- **Aim of the task**
Retype the line where "Funny Mahjong Design" appears and each line that follows it down to the last line of the records below. Leave the pictures out.

★ ★ ★ ★ ★

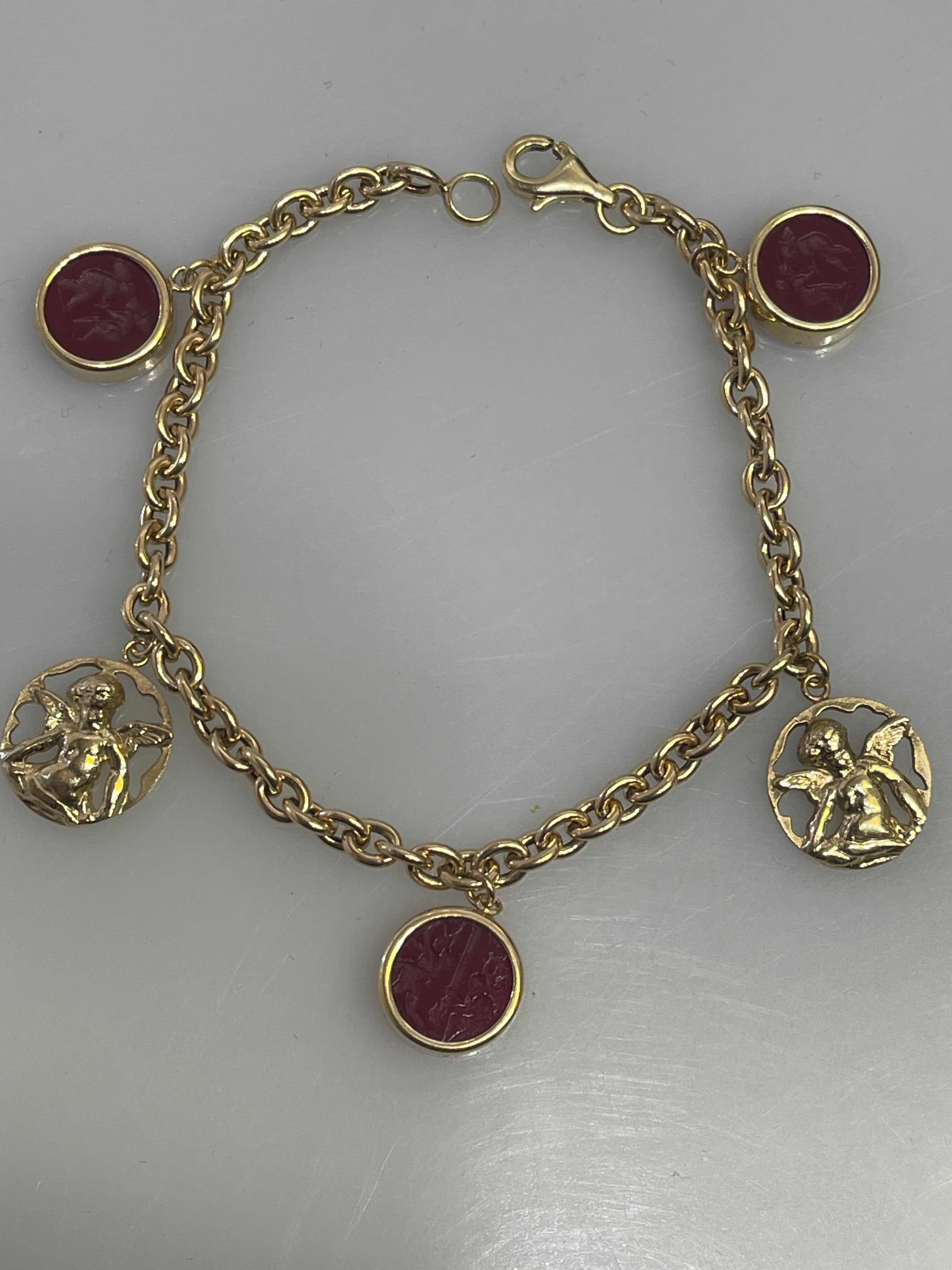 Engraved 14k gold bracelet discount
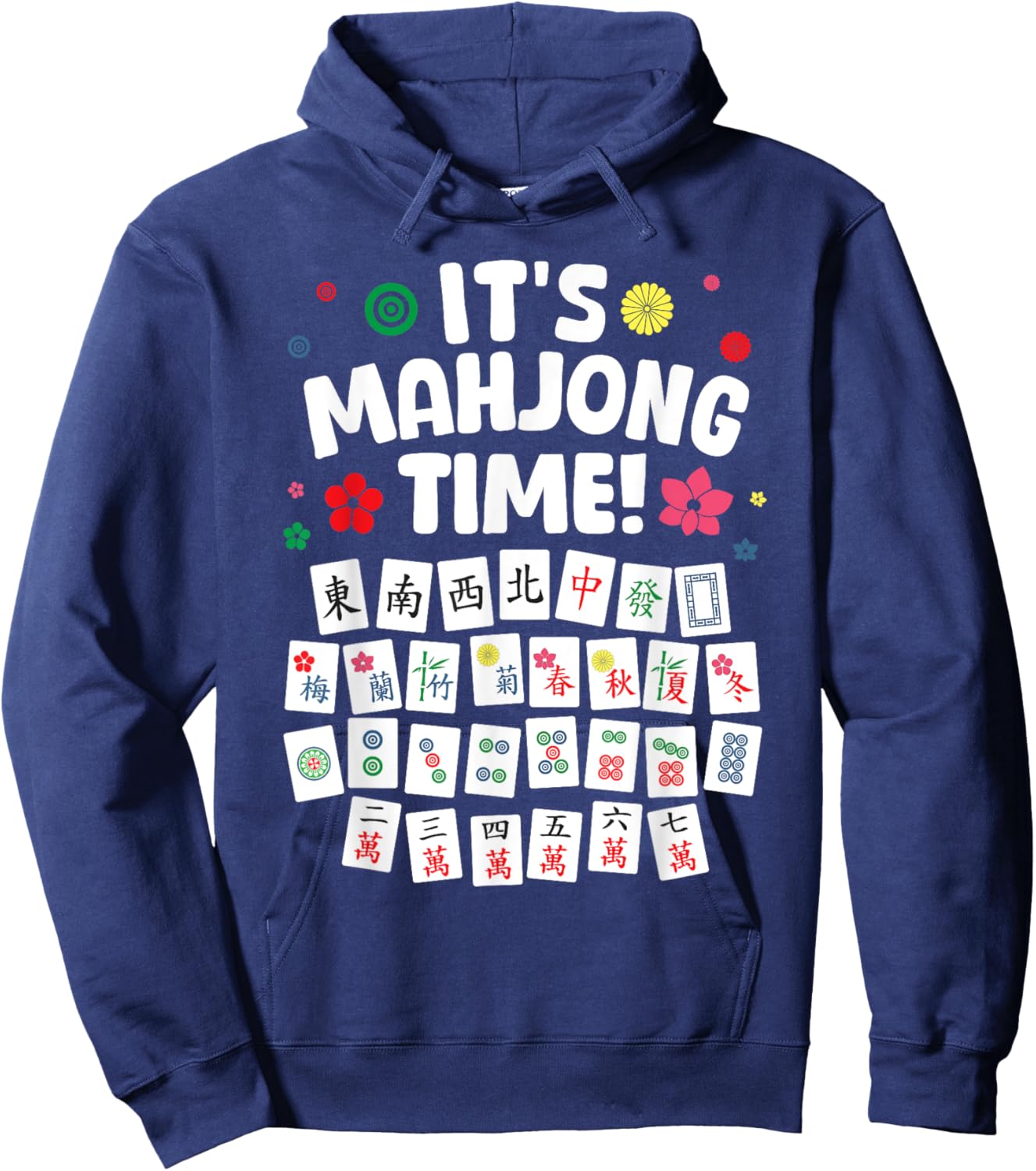 Funny Mahjong Design Women Mah Jongg Mahjong Player Hoodie - Hoodie | Navy
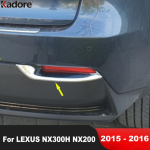 Tagumise kaitseraua udutulede lambi katte liistud LEXUS NX300H NX200 2015 2016 jaoks Kroomitud Autotarvikud Tagumise udutule r&otilde;ngad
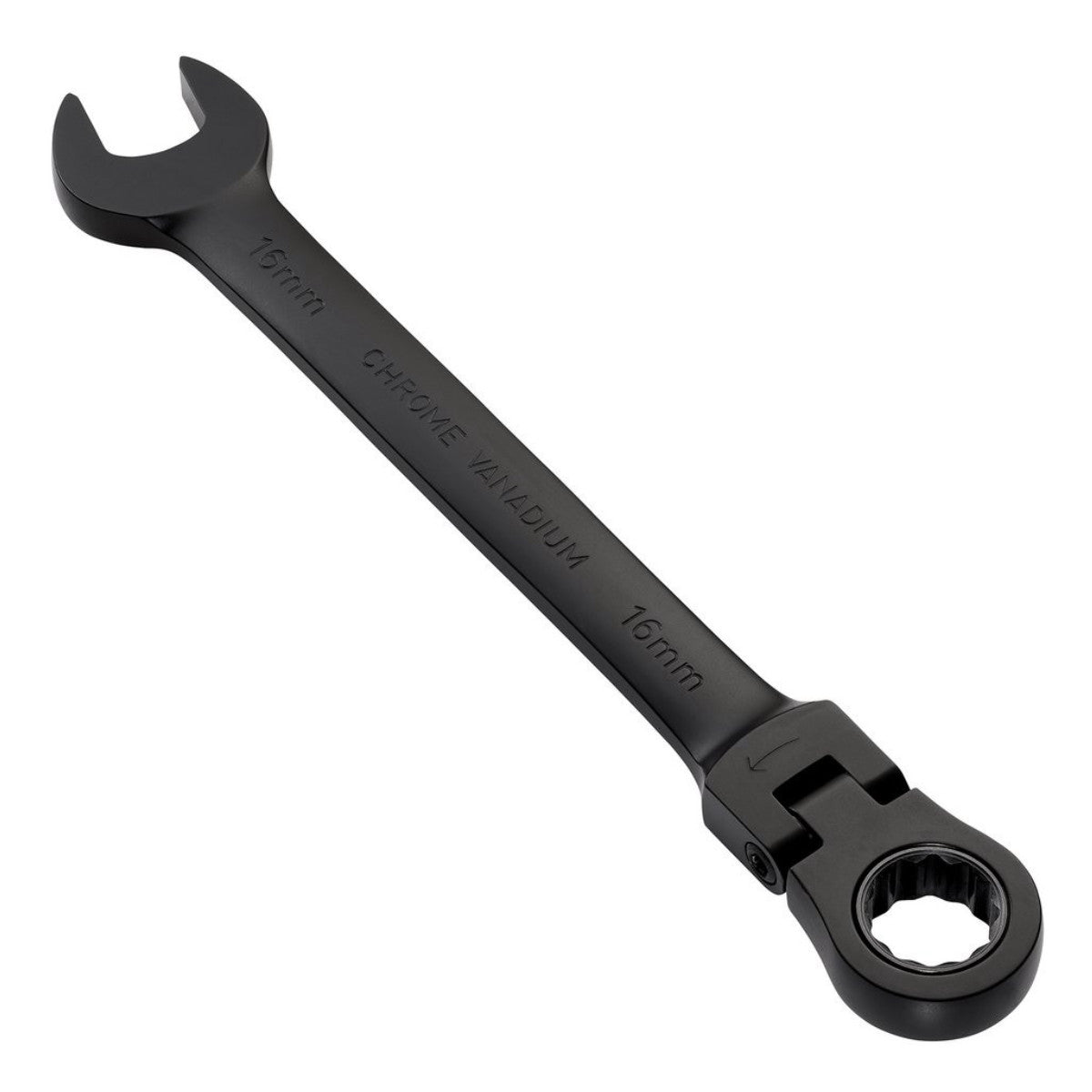 Draper Expert HI-TORQ Metric Flexible Head Ratchet Combination Spanner, 16mm, Black 03923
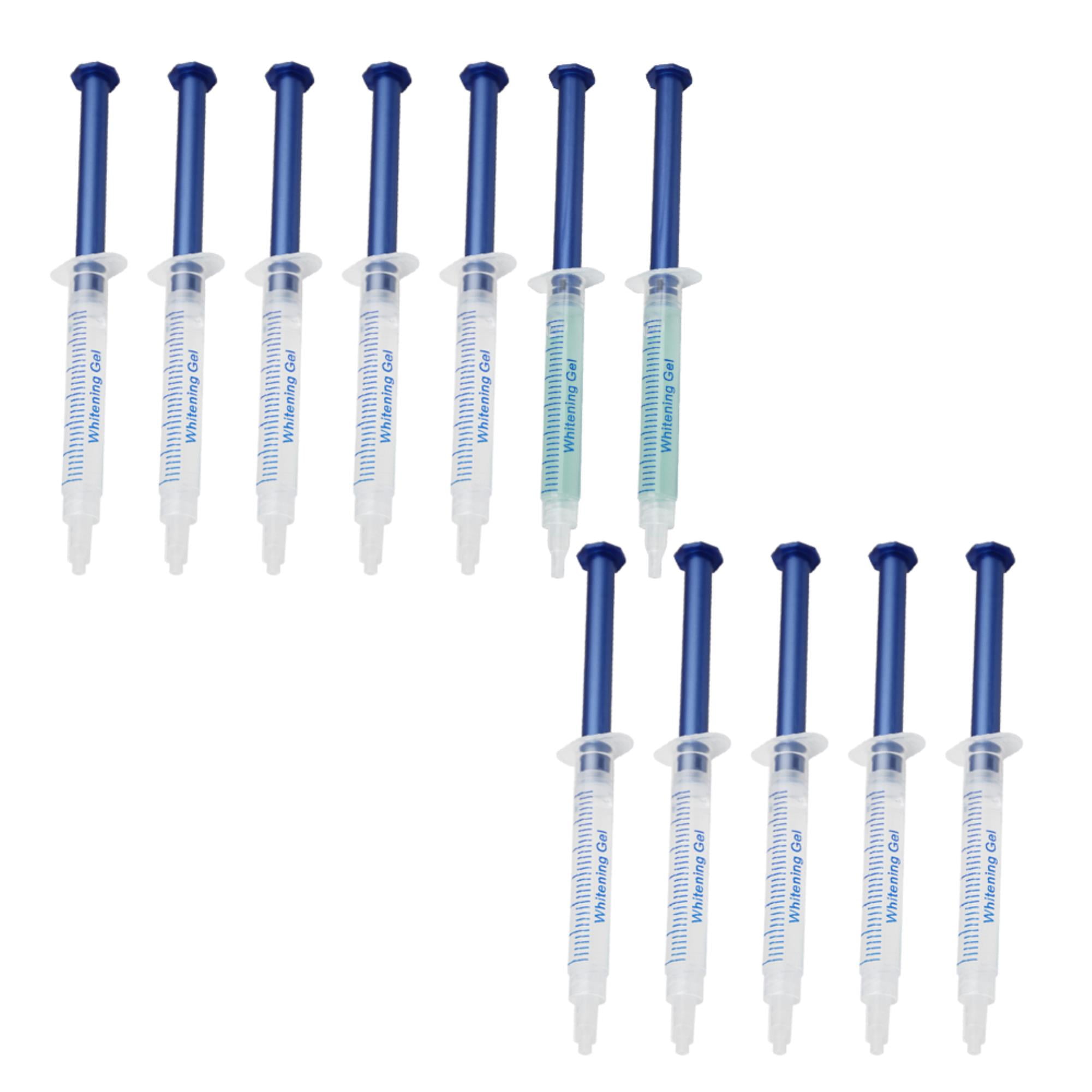 10 PCS Teeth Whitening Gel Refills for Stain Removal with Remineralization Gel - Compatible with Light and Tray - Enhance Brightness for Home and Travel - 3ML Bleaching Gel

★ ★ ★ ★ ★

- **Answer to the problem**
 Funny Mahjong Design Women Mah Jongg Mahjong Player Hoodie - Hoodie | Navy
 Tagumise kaitseraua udutulede lambi katte liistud LEXUS NX300H NX200 2015 2016 jaoks Kroomitud Autotarvikud Tagumise udutule r&otilde;ngad
 Draper Expert HI-TORQ Metric Flexible Head Ratchet Combination Spanner, 16mm, Black 03923
 10 PCS Teeth Whitening Gel Refills for Stain Removal with Remineralization Gel - Compatible with Light and Tray - Enhance Brightness for Home and Travel - 3ML Bleaching Gel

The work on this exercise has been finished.